> Your instructions:
A faithful copy of the entries is needed, one that leaves out the pictures.

■ ■ ■ ■ ■ ■ ■

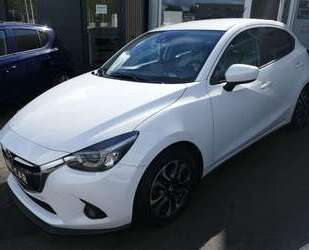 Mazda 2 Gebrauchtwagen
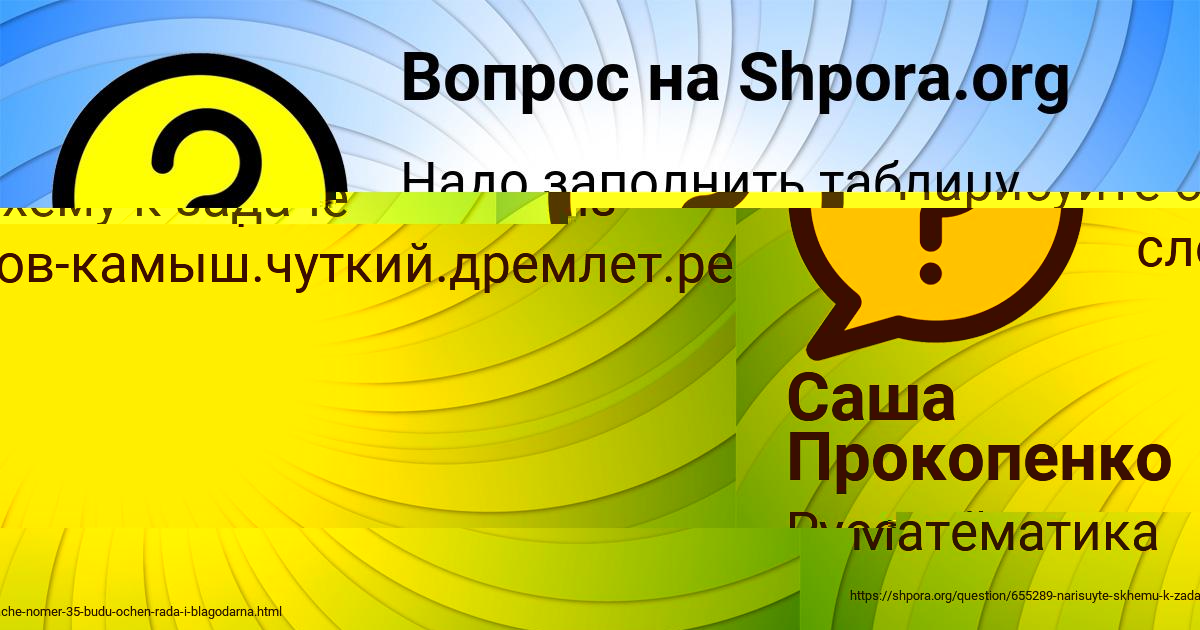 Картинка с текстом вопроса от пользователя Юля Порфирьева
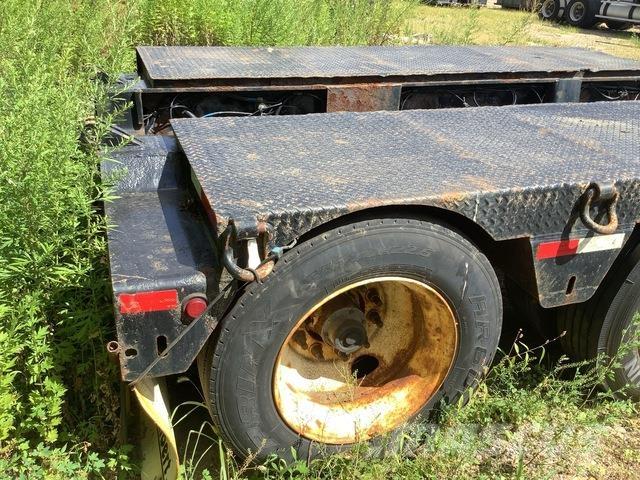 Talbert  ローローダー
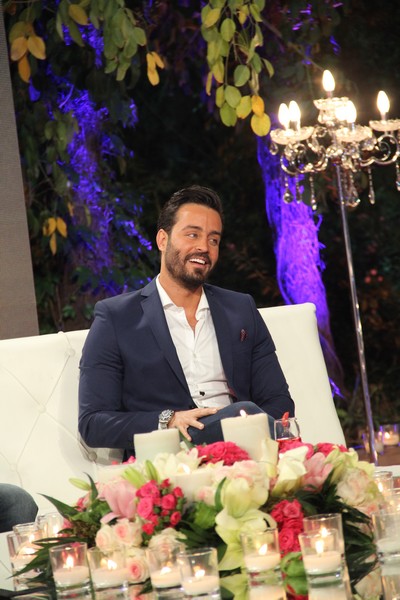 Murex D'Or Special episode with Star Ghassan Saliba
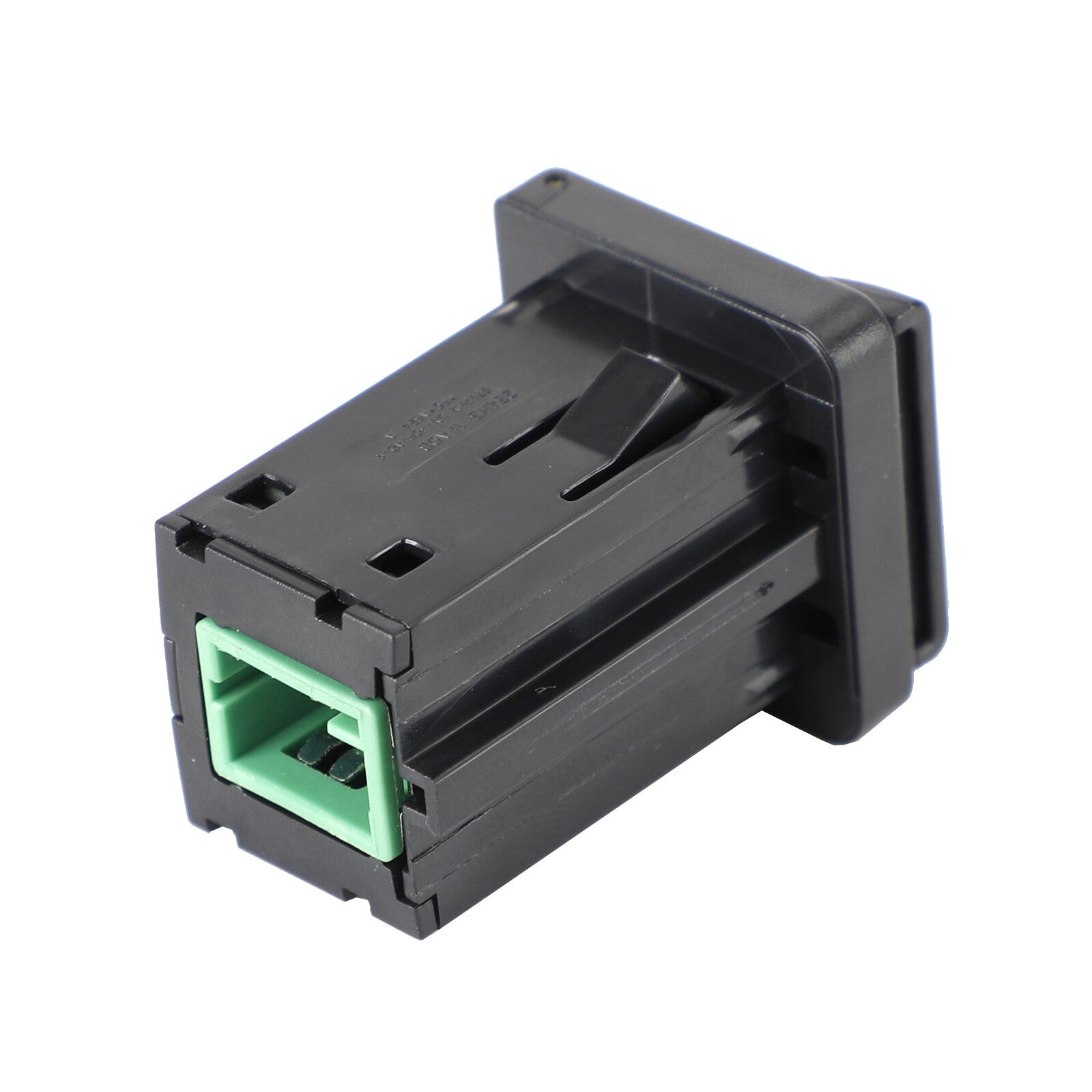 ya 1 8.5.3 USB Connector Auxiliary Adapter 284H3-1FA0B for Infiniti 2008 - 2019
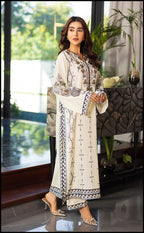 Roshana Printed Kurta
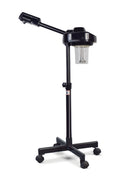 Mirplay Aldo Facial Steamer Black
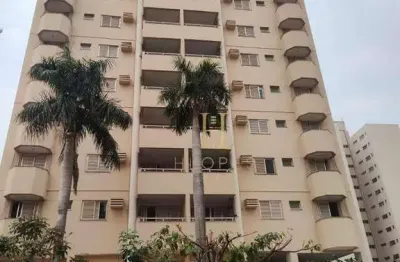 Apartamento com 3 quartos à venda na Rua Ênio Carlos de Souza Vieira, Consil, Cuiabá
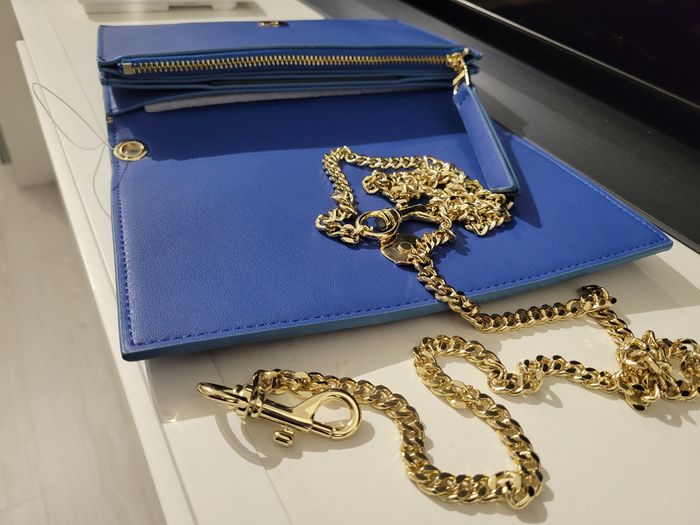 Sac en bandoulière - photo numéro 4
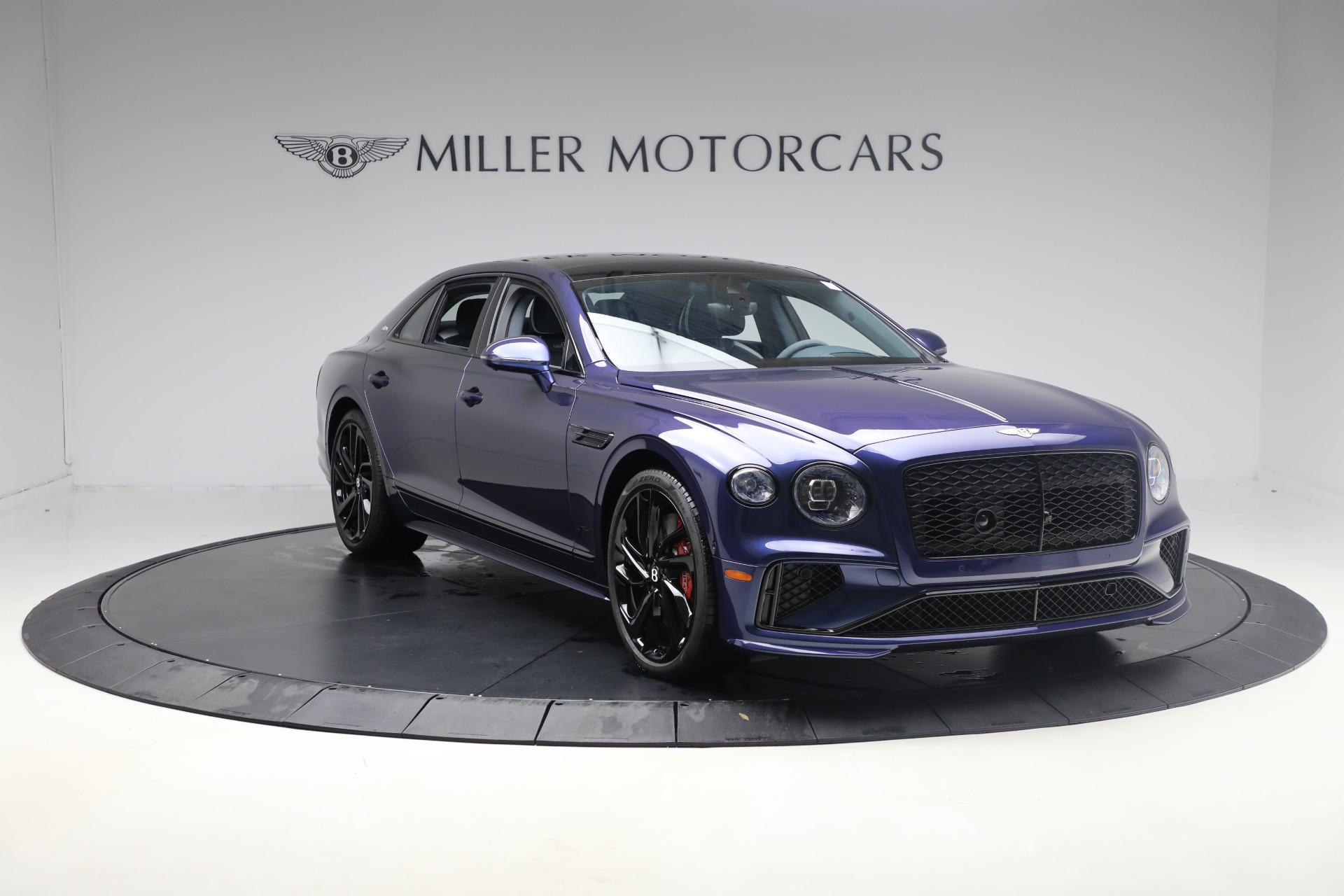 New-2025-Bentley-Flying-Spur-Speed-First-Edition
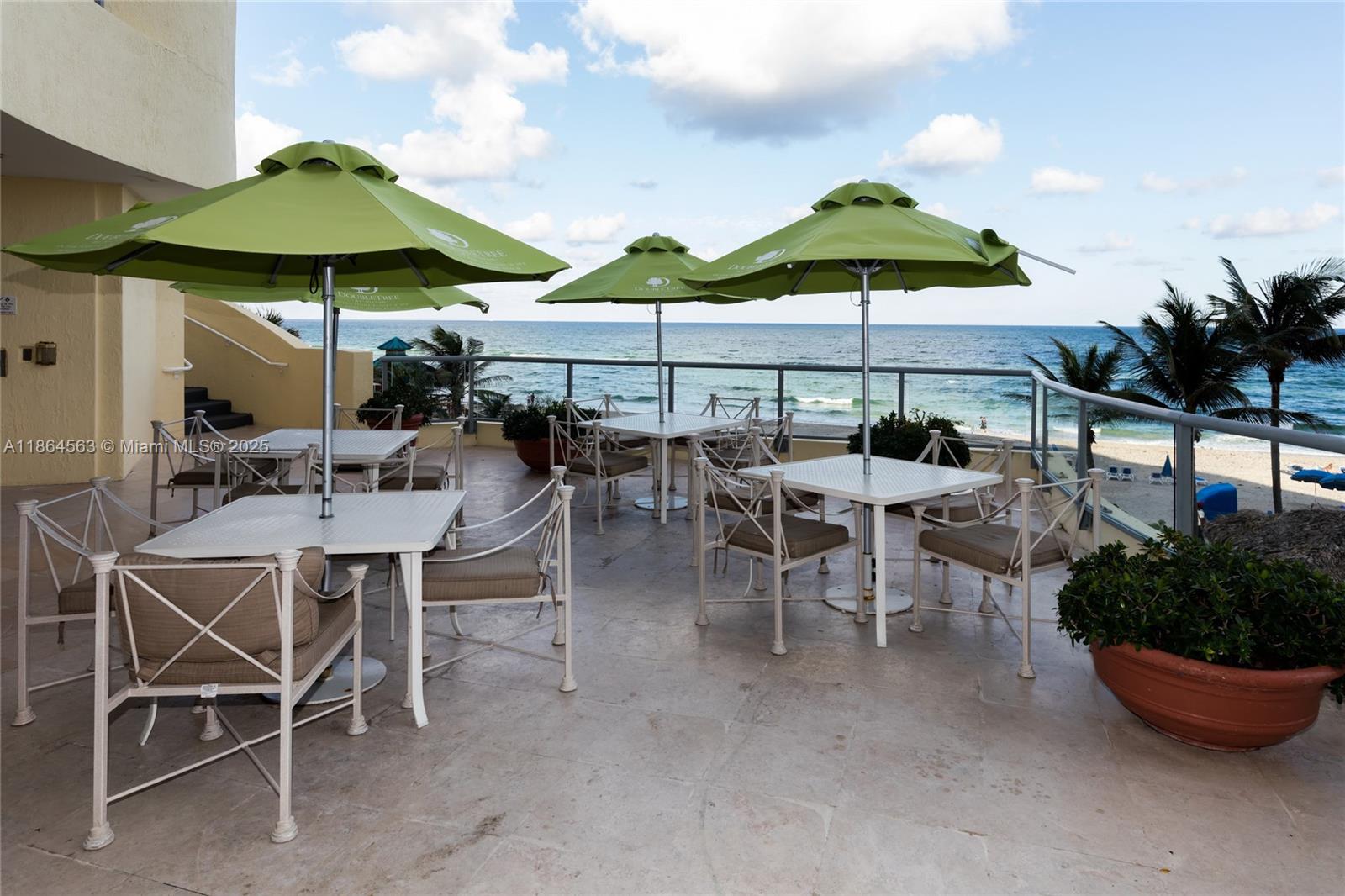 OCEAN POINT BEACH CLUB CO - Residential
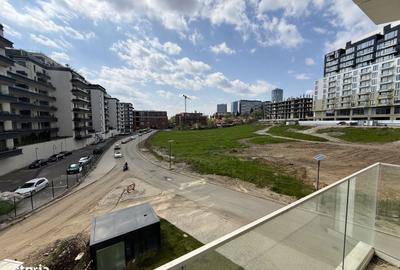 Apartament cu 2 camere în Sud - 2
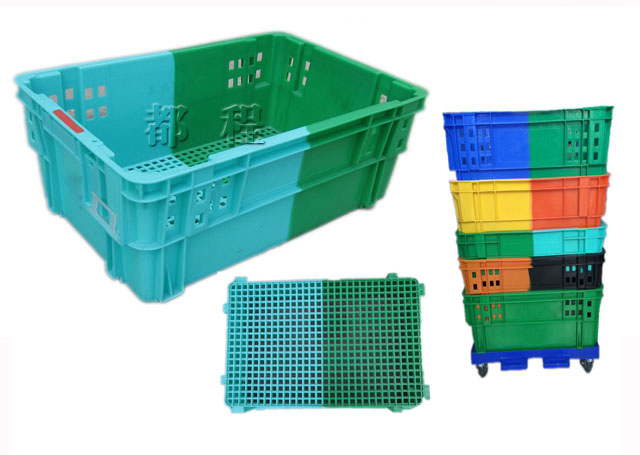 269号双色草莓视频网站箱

■ ■ ■ ■ ■ ■ ■

> Answer to this task:
 Mazda 2 Gebrauchtwagen
 Картинка с текстом вопроса от пользователя Юля Порфирьева
 Talbert  ローローダー
 Murex D'Or Special episode with Star Ghassan Saliba
 ya 1 8.5.3 USB Connector Auxiliary Adapter 284H3-1FA0B for Infiniti 2008 - 2019
 Roshana Printed Kurta
 Mirplay Aldo Facial Steamer Black
 Apartamento com 3 quartos à venda na Rua Ênio Carlos de Souza Vieira, Consil, Cuiabá
 Sac en bandoulière - photo numéro 4
 New-2025-Bentley-Flying-Spur-Speed-First-Edition
 OCEAN POINT BEACH CLUB CO - Residential
 Apartament cu 2 camere în Sud - 2
 269号双色草莓视频网站箱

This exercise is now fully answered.